The films spilled into our discussions at the first meeting of the year in March. This was the last time that we all sat in a room together, gathered around photocopies of paintings, sculptures, photographs and sketches; a feast of artworks that will eventually be displayed in the new space. Some of these objects have brought about particular questions around representation, inclusivity and access.
Bonbonnieres: These little pots, originally filled with sweets, could be described as quaint, playful or cute. They have an almost cartoon like quality that may resonate with younger children. Yet they bring to the fore a part of colonial history with their connection to sugar, the sugar trade and the enslaved people working on British owned sugar plantations. There is a strong feeling in the group, that just because this space is aimed at children there should not be a ‘dumming down’ of this history, or even allowing the story of these objects to be ‘swept under the carpet.’ How then, do these stories become visible within the space?
Lenka Clayton’s “The Distance I Can Be From my Son” collection of videos had already sparked an interest from the group, the visceral affect it can have on the viewer as Clayton’s toddling child walks further and further away from the screen could resonate with many parents in the space. As we continue life in lockdown it also brings about new experiences of distance and nearness where parents are living very closely with their children whilst teachers and caregivers are physically so far away.

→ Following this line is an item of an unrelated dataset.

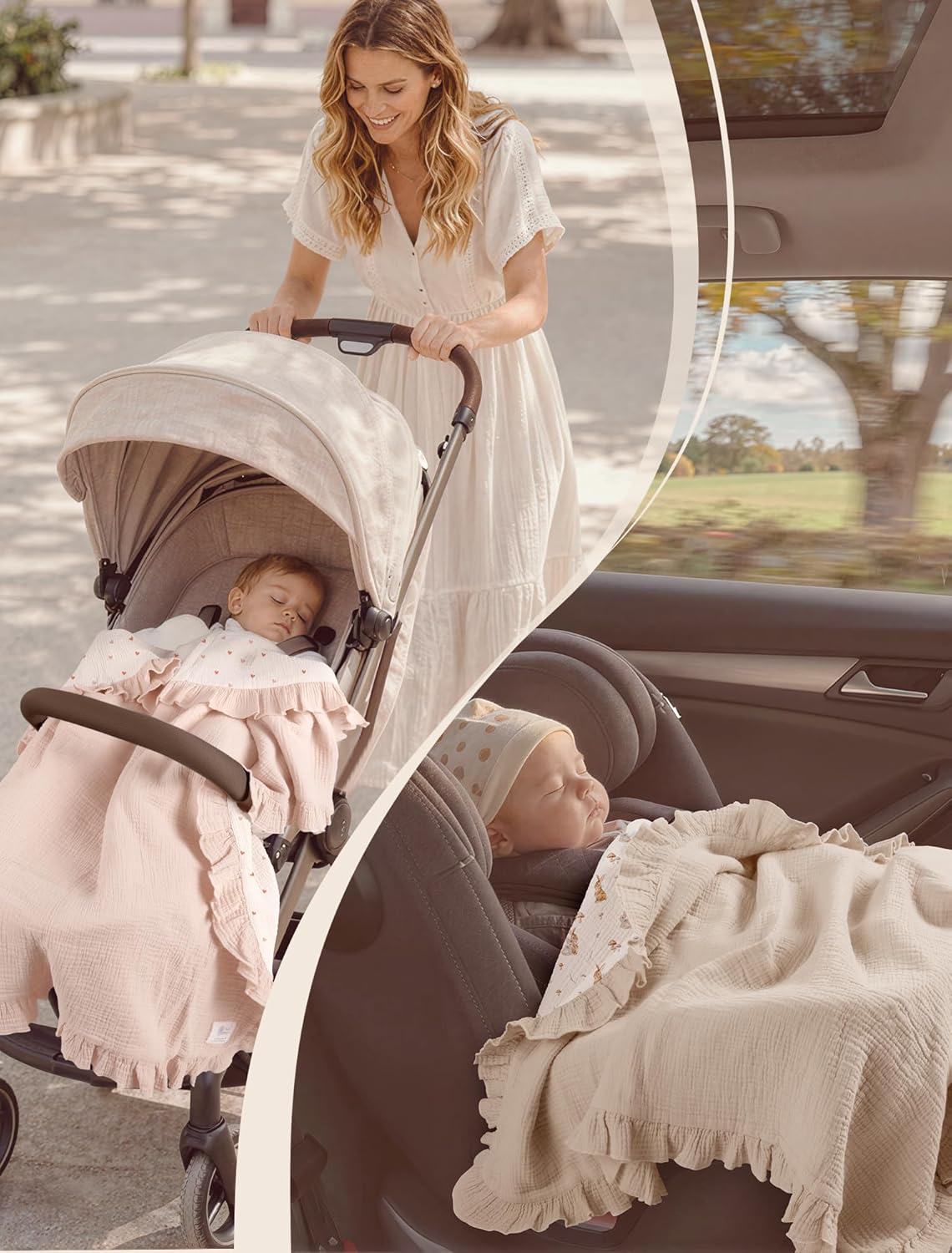 lulumoon Muslin Ruffle Baby Blanket - Soft Breathable 100% Cotton Newborn Wrap for Stroller Travel & Car Seat - Ideal for Photography & Nursery Decoration 40"x36"(Pink Heart)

Portraits of mothers: These poised photographs of families in the galleries were taken with parents who attend the weekly stay and play session with their babies and will be displayed in the space alongside other artworks. These images continue the conversations around ownership, accessibility, representation and voice particularly around who has a presence in the new space and how this presence shapes what happens in the space.
Since our last physical meeting some of us have met virtually to reassess how we might continue the discussions in this current way of life. Next week we shall return to our first proper full meeting of the group, all be it virtually, and we will focus on three questions around our current situation:
1. How do we respond to situation NOW?
2. How do we proceed with planning the family gallery (how are the exhibits accompanied in terms of words)?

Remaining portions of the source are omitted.